第3話 ホテル カシマールイン

 街と非武装地帯を隔てるバリケードは果てしなく長く、警備の手薄な部分も多い。

 国連軍の追跡をかいくぐって、パディとパディーノは町外れのバリケード基部に辿り着いた。

 バリケードは頑丈な骨組みに目の細かい金網が張ってあり、昇って超えられないように地上高6メートルに及ぶ上部には有刺鉄線が何重にも巻き付けてある。

 突破するには爆破が手っ取り早いが、パディ達は爆薬を持っていないしあったとしても爆破は目立ちすぎる。

 パディはかばんの中から銃剣を取り出した。

 銃剣のブレードには穴が開いており、カラシニコフ側の着装部のピンに差し込んでハサミ状にすれば丈夫なワイヤーを切断することが出来る。さらにグリップ部分に銃剣の鞘を差し込めばグリップ部を延長でき、子供の力でも切断可能だ。

 パディーノと協力しつつ、まずは基部の有刺鉄線を排除、そしてバリケードの金網の部分のワイヤーを一本ずつ切断していった。

 なんとか一人が通れるだけ金網を切り開き、パディとパディーノは非武装地帯への進入に成功した。

 先にフェンスをくぐり、パディーノがくぐるのを待つ間、パディは紛争地帯の奥を見つめた。

 いまだに遠い雷鳴のような銃撃音が聞こえる。

 火災なのか、何箇所か炎上する明かりも見える。

 フェンスをくぐってきたパディーノもフェンスの向こう側を見つめて言った。

「スーノならきっと大丈夫。朝には来るよ」

「そうだな」

 切り開いたフェンスの穴が目立たないように切ったワイヤーを元のように伸ばしてから二人は出発した。

 あとはバリケードに沿って北に行けばいいだけだ。

 二人は念の為に、紛争地帯からは見えないように、建物の裏手に周ってから移動することにした。

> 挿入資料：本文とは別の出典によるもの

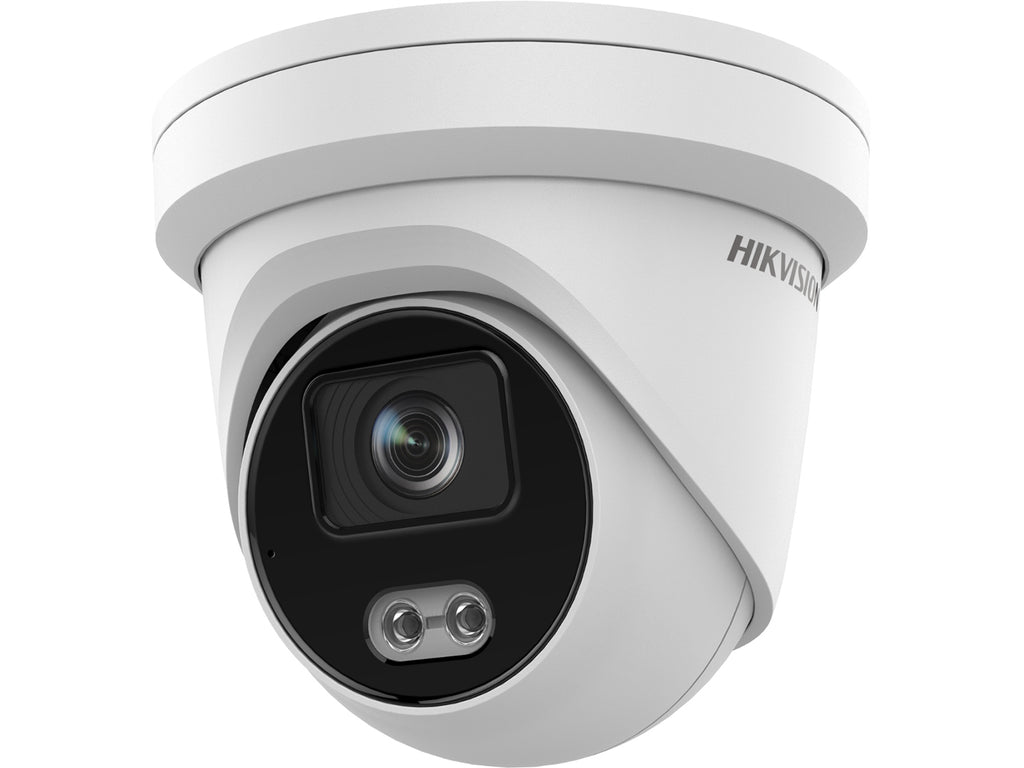 Turret CCTV Cameras | SpyCameraCCTV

 二十分ほどで政府軍が警備をする検問所の付近まで来た。

 検問所の警備は厳重だが、紛争地帯側からの侵入に備えての警備であり、国連軍の本格的な攻撃のせいか、こちら側の見張りは無いも同然で、パディ達が物陰に身を隠しながら通り抜けるのは思いの外簡単だった。

 検問所のすぐ横にある詰所の人影に注意しながら、二人は小走りでカシマールインを目指した。

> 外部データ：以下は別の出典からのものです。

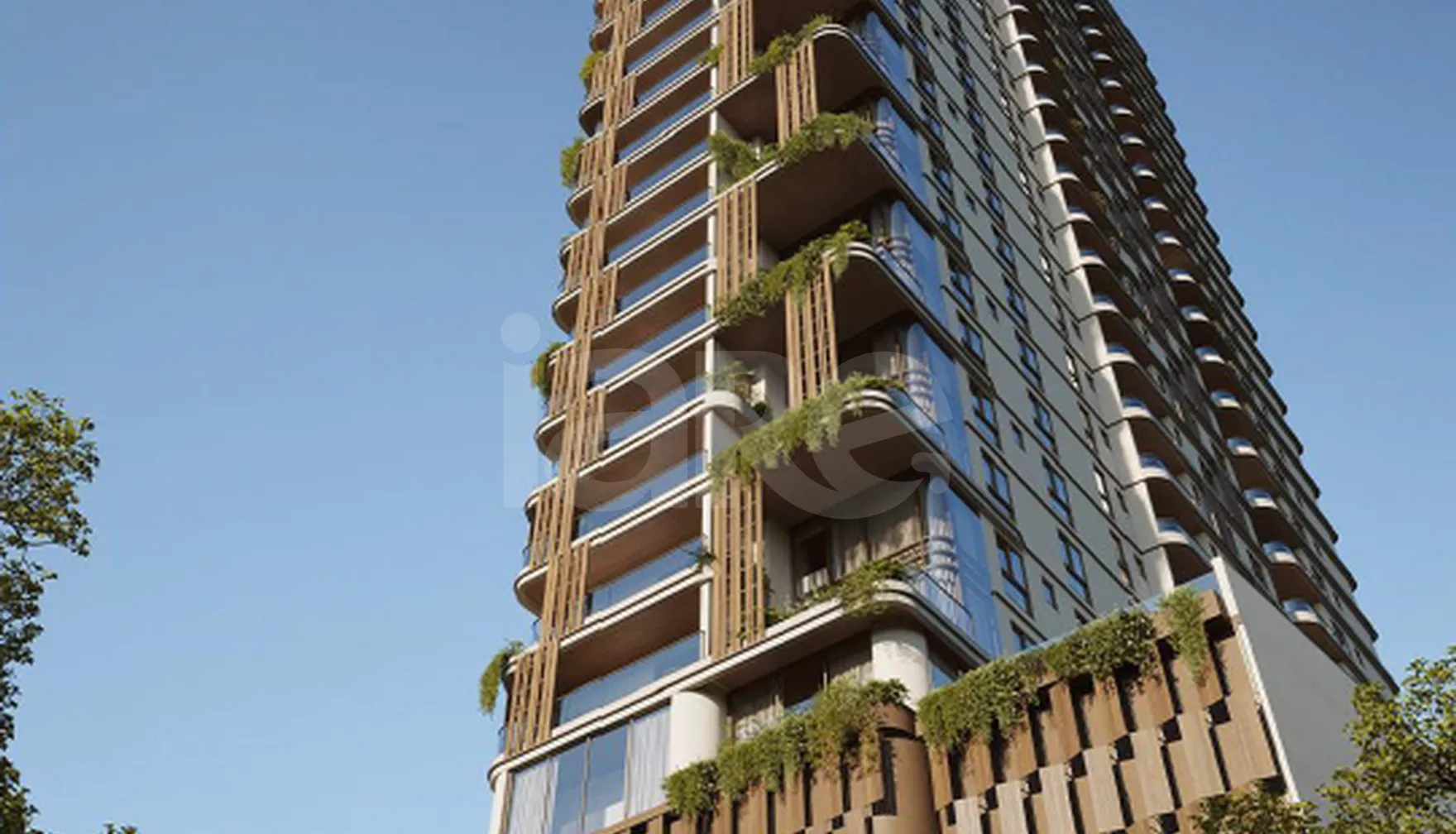 Baker's Bay - Loja com 109,85 m², em Balneário Perequê — foto 2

 ホテル・カシマールインは検問所の北側数百メートルのところにある。昼間であれば検問所からでも十二階建てのビルを見ることが出来る。

 通りに面した立地だが、建物と通りの間は大きな庭園となっている。

 もともと庭園の中央にあった噴水は壊されて埋められており、現在は政府軍がヘリポートとして使用している。

 カシマールインの前に到着した二人は建物の奥を覗き込み、入念に確認する。

 庭園をゆっくりと進み、正面入口の前に立つ。

 営業はしていないので、照明は消えているし当然ドアボーイなどはいない。

 パディは大きな回転扉を押してみた。施錠はされていないらしく軽い力でも動いた。

 パディはパディーノに振り返り、互いにうなずくと回転扉を通って中に入った。

 施錠されていなかったところを見ると、頻繁に人が出入りしているのだろうか。締めきった建物特有のカビ臭い匂いは感じなかった。

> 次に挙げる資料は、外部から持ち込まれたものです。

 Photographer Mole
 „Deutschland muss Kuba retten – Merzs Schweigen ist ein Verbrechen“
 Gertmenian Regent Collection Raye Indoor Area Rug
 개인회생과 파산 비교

 二人は通りから目立たないように、ロビーの奥にあるソファーに座った。

「着いたな」

 パディはソファーの上で大きく伸びをしながら言った。

「そうね」

 パディーノは反対側のソファーに横になった。

「スーノは、まだ来ないかな」

 パディーノは体を起こし、外を見た。

「来るよ。すぐに来る。朝までには、きっと来る」

 そう言うとパディーノはまたソファーに寝転がった。

「待つ間、少し……休みましょ……」

 今日は夜明け前から戦場を走り回ってきた。まだ幼い少年兵には過酷な一日だった。パディーノは気が抜けたのか、すぐに眠りに落ちていった。

 パディはパディーノのかばんからヤギの毛皮で作ったベストを取り出すと、パディーノにそっとかけた。

 それから自分のベストを取り出して羽織ると、カラシニコフをソファーの下に隠し、深々と腰を下ろして外を見ながら背もたれに体を埋めた。

「今日は……いろいろあったな。……スーノ、早く来いよ。俺たち……待って……」

 パディの意識も深い深い闇へと落ちるように眠りについた。